The findings suggest that people are increasingly aligning formal financial arrangements with the relationships that matter most to them, rather than traditional definitions of family.
Insurance nominations do not replace a will. Where people wish to benefit friends, unmarried partners or charities, up-to-date wills and wider estate planning are essential. Without clear instructions, estates may still pass under intestacy rules that do not reflect modern family structures or personal wishes.
Equity release lending grows 11% as property wealth plays a bigger role in retirement
New figures from the Equity Release Council show that equity release lending rose by 11% in 2025, reflecting the increasingly important role property wealth plays in supporting retirement income and financial resilience in later life.
At the same time, research suggests property wealth is still often overlooked in retirement planning. Around three-quarters of homeowners aged 40 and over said they had never discussed equity release with a professional, despite their home frequently being one of their most valuable assets. The research also highlights persistent misconceptions, including a lack of awareness that modern equity release products can allow homeowners to move house, include no-negative-equity guarantees, and still enable property to be passed on to children.

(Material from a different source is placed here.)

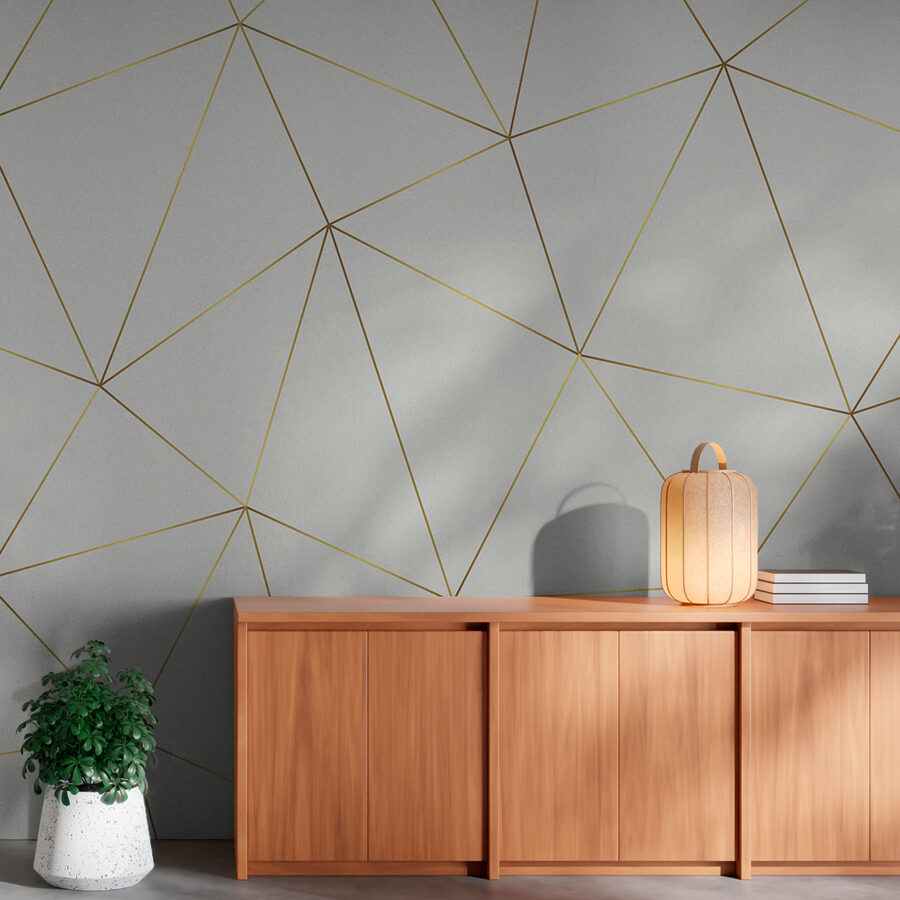 Wall murals Yellow lines forming endless triangles - Image 4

As people live longer and pension savings increasingly fall short of retirement needs, property wealth is likely to form a larger part of many individuals’ overall retirement funding. Equity release will not be suitable for everyone, but for some it can play a role within a wider, carefully considered retirement and estate planning strategy.
The findings underline the importance of taking a holistic approach to later-life planning that considers pensions, property, and potential inheritance tax implications together, rather than in isolation.

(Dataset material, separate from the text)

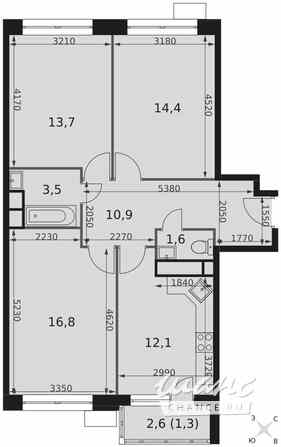 3-к квартира, 74.3 м², этаж 14/22 Москва - изображение 3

Will overturned as High Court clarifies testamentary capacity and mental illness
The High Court has overturned a 2014 will made by Michael Gwilliam, who died in 2022, after finding that he lacked testamentary capacity due to late-onset schizophrenia.
The court accepted that Mr Gwilliam’s delusional beliefs, including unfounded accusations that his four daughters were stealing from him, directly influenced the terms of the will. The 2014 will significantly reduced the daughters’ inheritance in favour of other family members. Despite evidence from the will writer that capacity was believed to be present, the court placed little weight on this and ruled the will invalid, meaning the estate passed under the intestacy rules.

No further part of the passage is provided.